Thing Finder: The only bias discovered in this study is confirmation bias

From A Study Used Sensors to Show That Men and Women Are Treated Differently at Work by Stephen Turban, Laura Freeman, and Ben Waber. It would be valid to say that the only bias discovered in this study is confirmation bias.

For all that their conclusion is unsupported by their data, it is none-the-less an interesting effort.

We know from many replicated studies that there is no gender wage gap for equal work. Men and women are paid the same for the same work here in the US and across most the OECD, a finding of some thirty years standing and frequent validation and replication. The factors which determine compensation have to do with education attainment, degree field, economic sector, work flexibility, work commitment, work duration, work structure (full-time, part-time, etc.), etc. When comparing like-to-like there are identical outcomes. Differences only occur when you compare apples to oranges (for example, comparing earnings for full-time employees with those of part-time employees.)

But Turban et al are not investigating compensation claims, they are trying to explain why women are under-represented at senior levels of enterprises. It is regrettable that they appear not to be aware of the research in wage gap theory nor aware of the labor force participation structure between countries as that might have provided many of the answers to their question.

They start, kudos to them, with trying to generate data that might answer their question.

Gender equality remains frustratingly elusive. Women are underrepresented in the C-suite, receive lower salaries, and are less likely to receive a critical first promotion to manager than men. Numerous causes have been suggested, but one argument that persists points to differences in men and women’s behavior.

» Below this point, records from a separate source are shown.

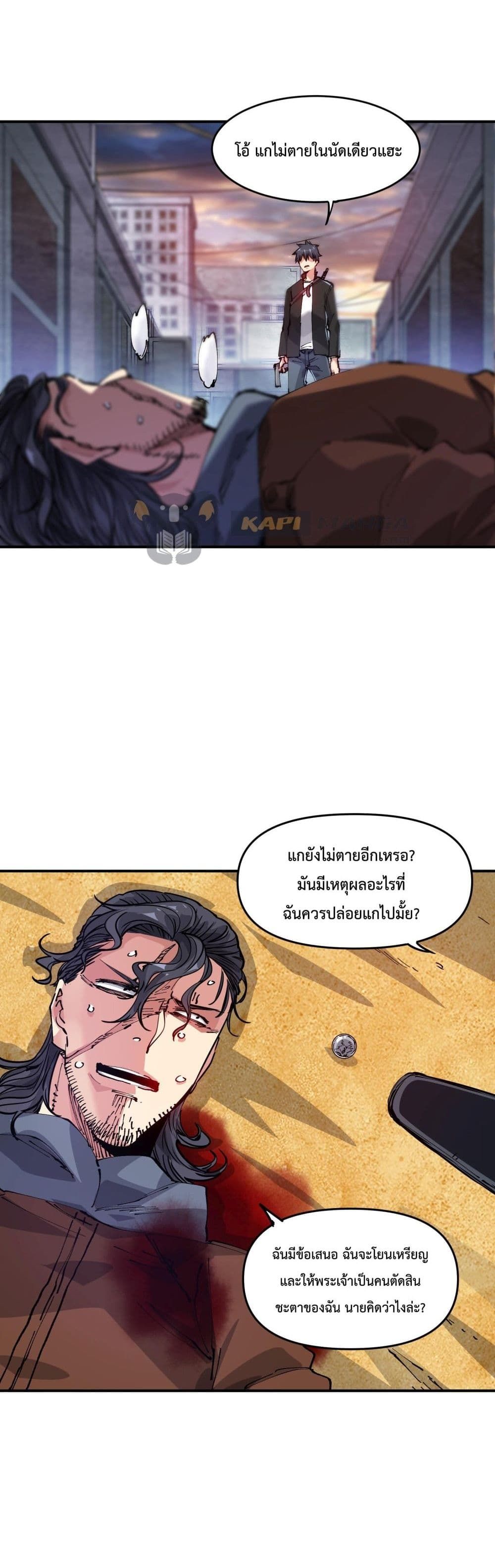The Evolution ตอนที่ 11 6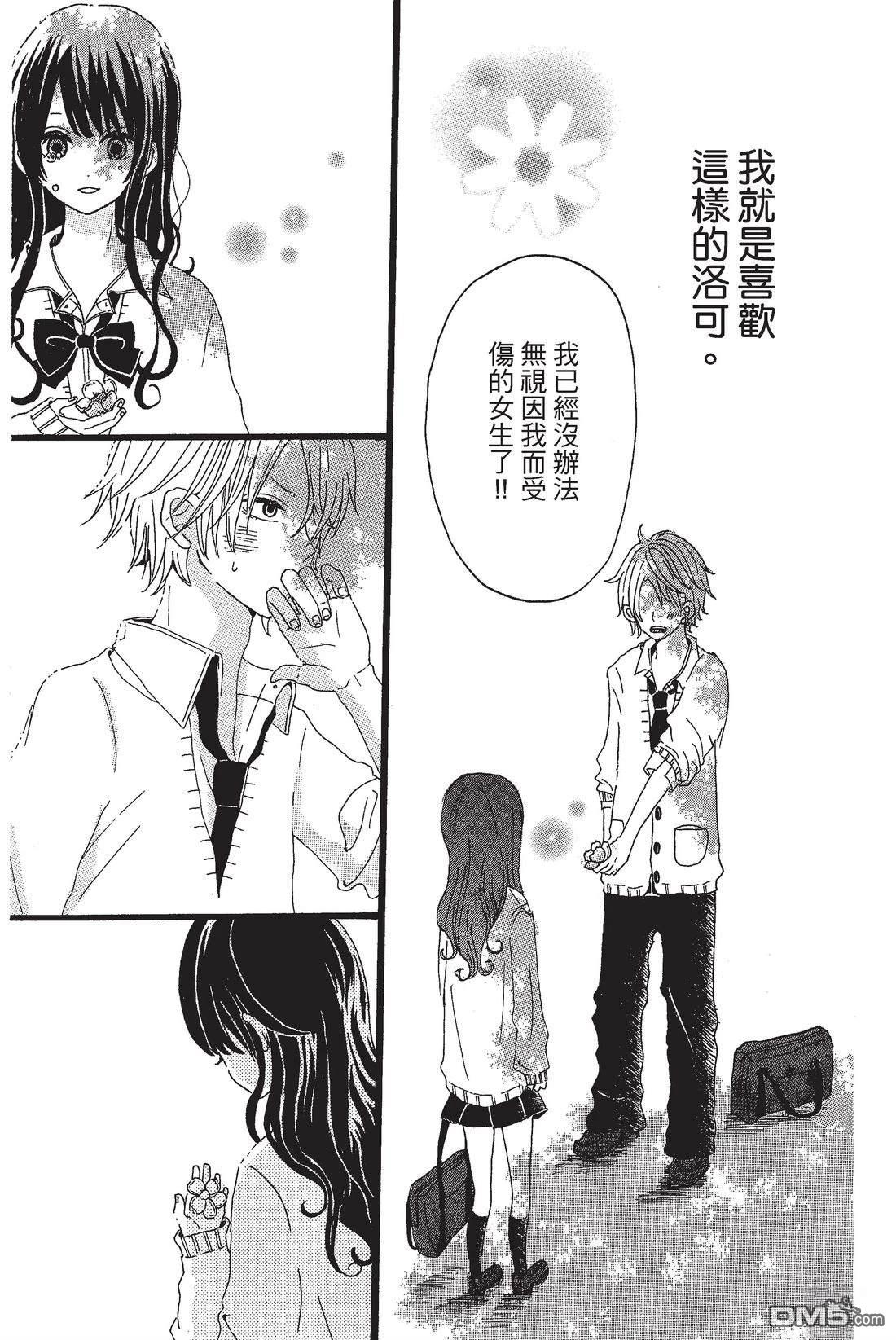 第41页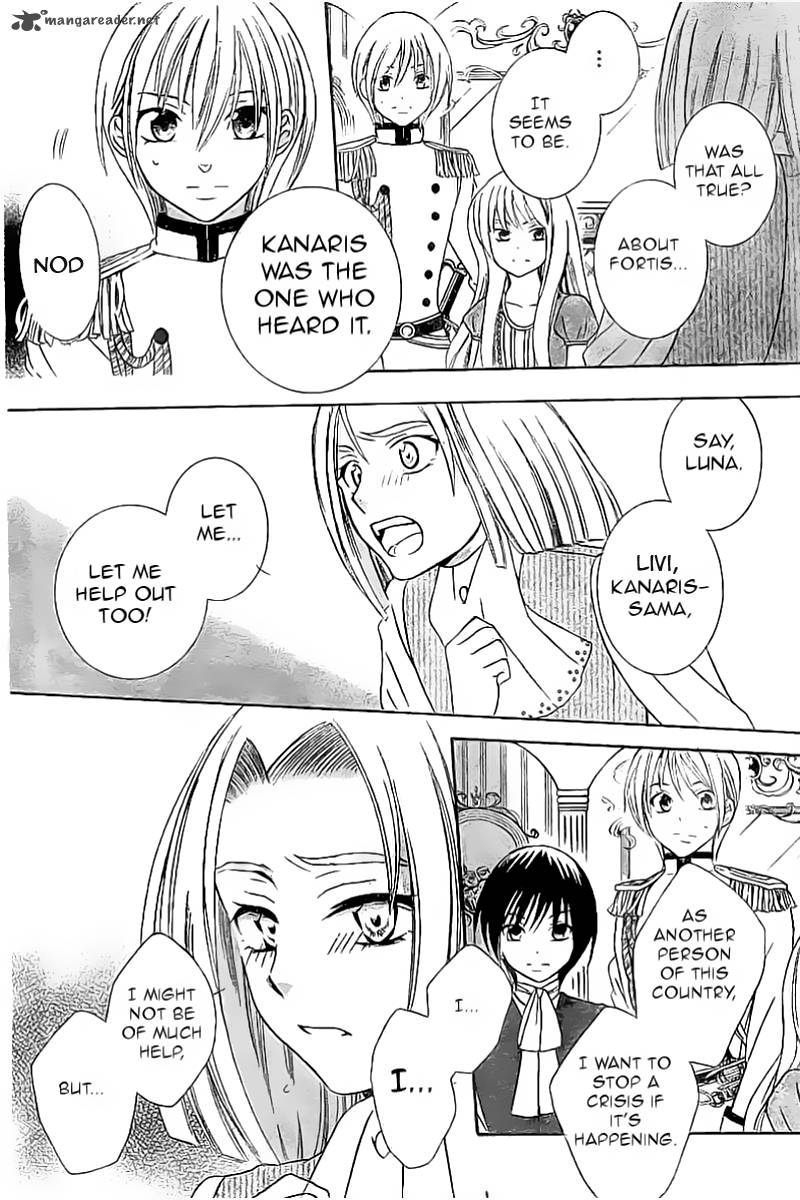 Soredemo Sekai Wa UtsukushII 32 5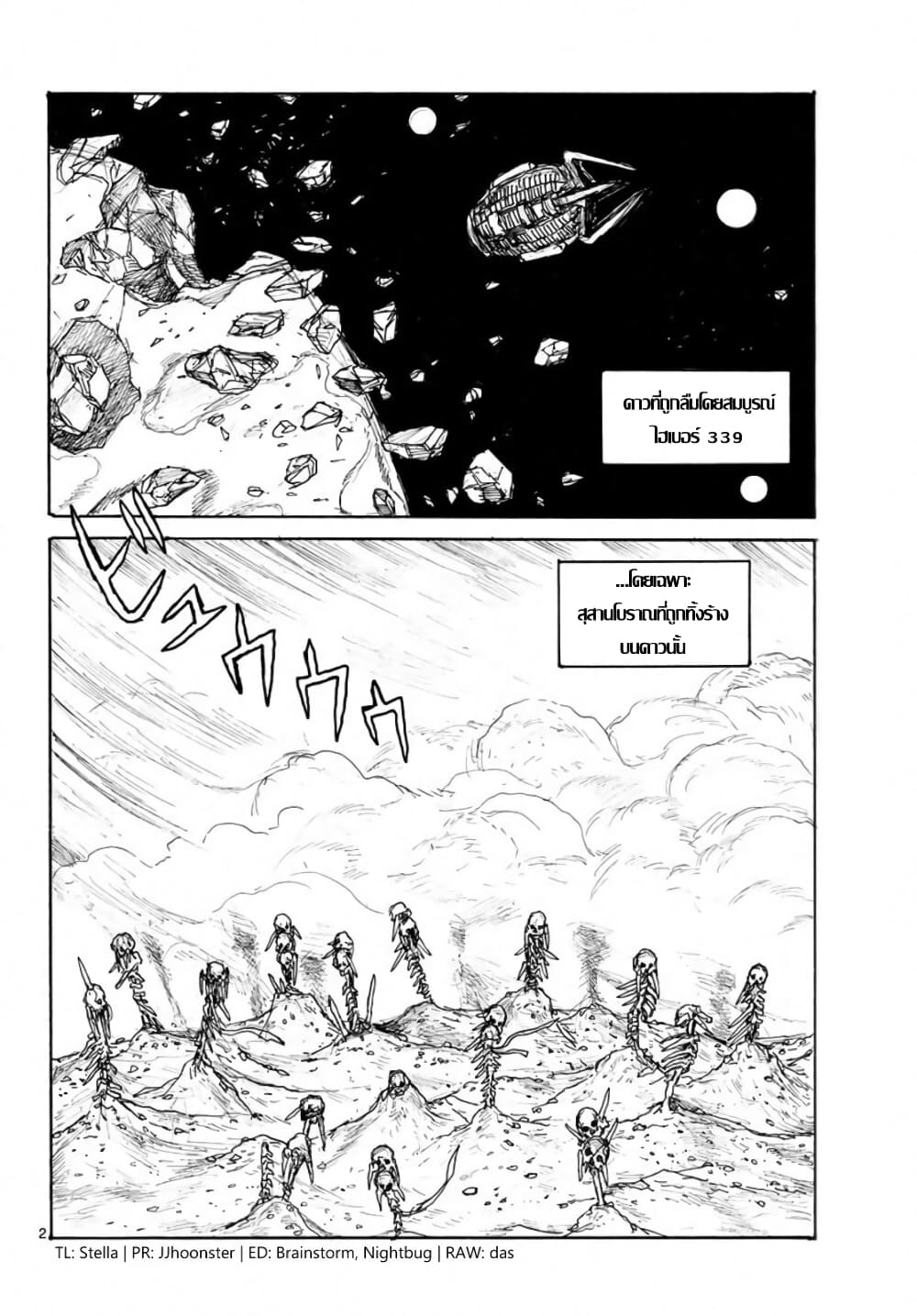 Dai Dark page 2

Which raises the question: Do women and men act all that differently? We realized that there’s little to no concrete data on women’s behavior in the office. Previous work has relied on surveys and self-reported assessments — methods of data collecting that are prone to bias. Fortunately, the proliferation of digital communication data and the advancement of sensor technology have enabled us to more precisely measure workplace behavior.

We decided to investigate whether gender differences in behavior drive gender differences in outcomes at one of our client organizations, a large multinational business strategy firm, where women were underrepresented in upper management. In this company, women made up roughly 35%–40% of the entry-level workforce but a smaller percentage at each subsequent level. Women made up only 20% of people at the fourth level (the second highest at this organization).

We collected email communication and meeting schedule data for hundreds of employees in one office, across all five levels of seniority, over the course of four months. We then gave 100 of these individuals sociometric badges, which allowed us to track in-person behavior. These badges, which look like large ID badges and are worn by all employees, record communication patterns using sensors that measure movement, proximity to other badges, and speech (volume and tone of voice but not content). They can tell us who talks with whom, where people communicate, and who dominates conversations.

We collected this data, anonymized it, and analyzed it. Although we were not able to see the identity of individuals, we still had data on gender, position, and tenure at the office, so we could control for these factors. To retain privacy, we did not collect the content of any communications, only the metadata (that is, who communicated with whom, at what time, and for how long).

Given the question they are trying to answer, there appear to be some gaps in their study design.

Four months is too short a time frame. They are working with a consulting firm in this study. There are surges and lulls in consulting firm work volumes. Did this study occur during a surge, during a lull or was it representative of the full year?

If their study was executed during a lull, then they are not capturing real determinants of what makes a difference in terms of promotion. They find that male and female employees have the same mentorship, leadership exposure rates, and networking rates. But only for this four month period. It is quite possible that these rates might differ significantly if the study was conducted in an intense period rather than a slack period.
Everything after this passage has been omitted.